L’interesse per la pittura di Enrico Pirajno di Mandralisca si esercitava nella ricerca di opere tramite il mercato antiquario, più con spirito di amatore e collezionista che non di autentico conoscitore. Dalla corrispondenza che egli intrattenne con altri studiosi, e soprattutto con Agostino Gallo (erudito, storiografo dell’arte siciliana e grande collezionista di opere d’arte), emerge la consapevolezza – da parte del barone Mandralisca - dei propri limiti in questo campo, ma anche la sua fine sensibilità e il gusto innato di un uomo che amava circondarsi di begli oggetti.
Il nucleo originario del lascito Mandralisca si è successivamente arricchito della collezione dell’avvocato cefaludese Vincenzo Cirincione che alla sua morte, avvenuta il 19 ottobre 1873, lasciò in eredità all’amministrazione comunale di Cefalù oltre 140 quadri, insieme a mobili ed oggetti d’arredamento di particolare pregio. Nel 1933 le opere furono affidate dal Comune alla Fondazione Mandralisca a scopo di custodia e pubblica fruizione.

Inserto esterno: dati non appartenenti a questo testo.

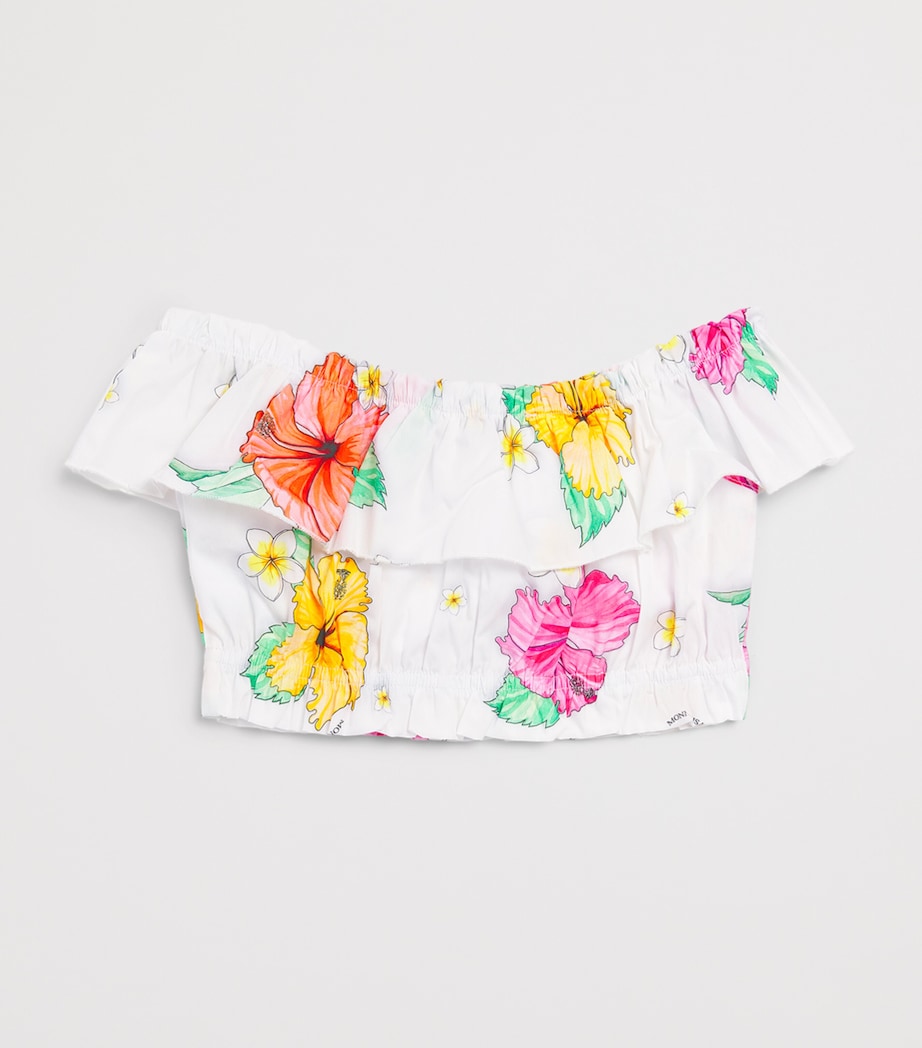 Monnalisa Cotton Poplin Hibiscus Top (2-12 Years) Bianco Image 2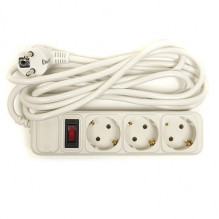 Extension cord 3m, 3 sockets, with switch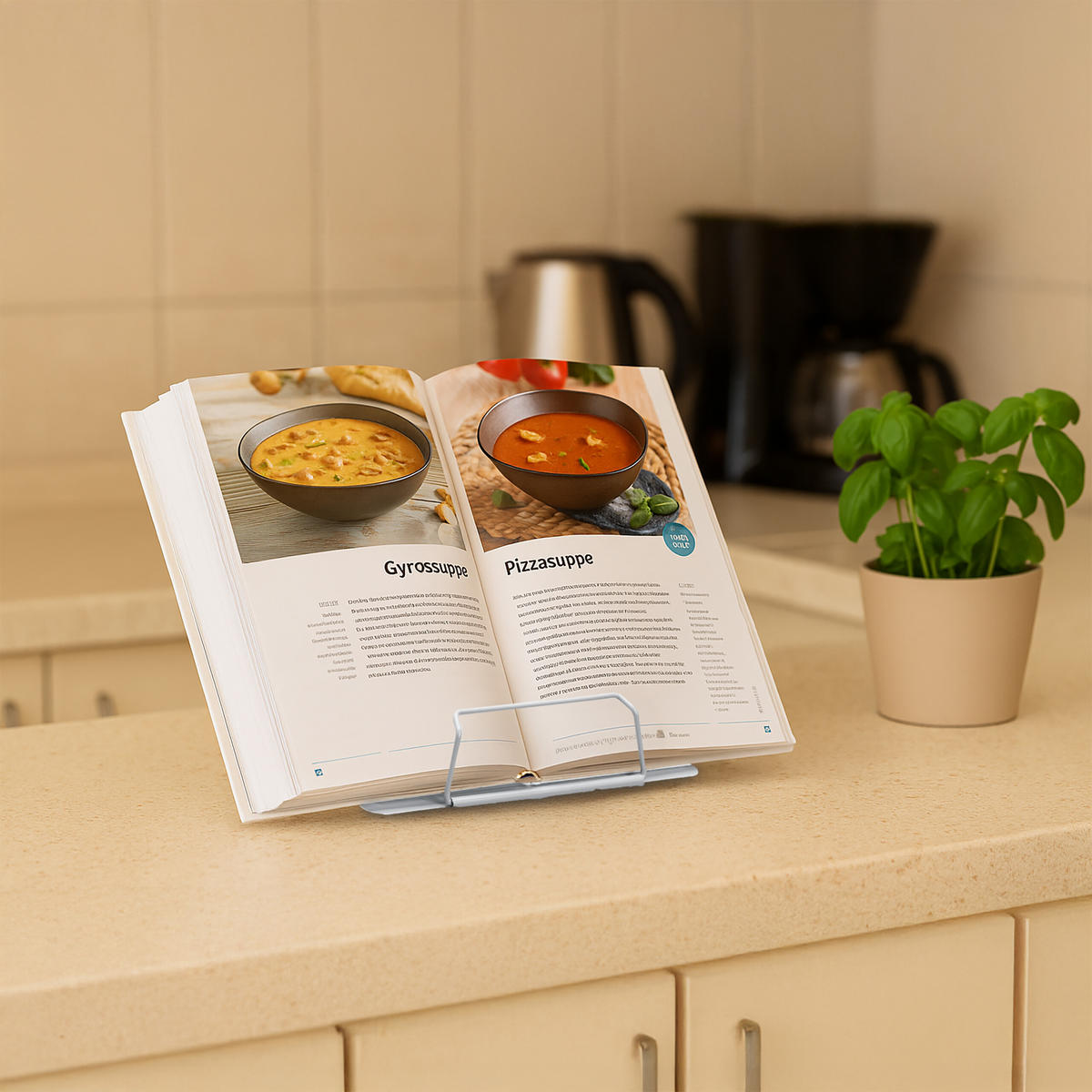 2xBUCHSTÄNDER - Weiß, Metall (21/18/16.5cm) - Relaxdays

L’attuale Pinacoteca è il risultato della confluenza delle due raccolte che testimoniano un tipo di collezionismo privato ben allineato al gusto tradizionale, fissato e consolidato nelle ricche collezioni siciliane fin dal loro formarsi. Non molte sono le opere che rispecchiano la cultura artistica isolana, più numerose quelle che indicano come anche il collezionismo ottocentesco privilegiasse i generi pittorici così come si erano andati configurando fin dal Seicento: scene di battaglia, nature morte, soggetti sacri, quadri di fiori, quasi tutti di piccolo formato data la loro iniziale destinazione ad un uso privato, in gran parte provenienti dal mercato dell’arte.
La sistemazione attuale della Pinacoteca non segue un percorso espositivo strettamente cronologico, e nei diversi ambienti la varietà dei dipinti (come degli oggetti d’arte e degli arredi) è espressione di culture artistiche eterogenee e di epoche diverse. Naturalmente nessuna qualifica la collezione Mandralisca meglio del Ritratto d’Uomo di Antonello da Messina: si narra che Enrico Pirajno l’abbia scoperto - forse senza aver effettiva coscienza del suo valore - ed acquistato a Lipari, dove era custodito nella bottega di uno speziale.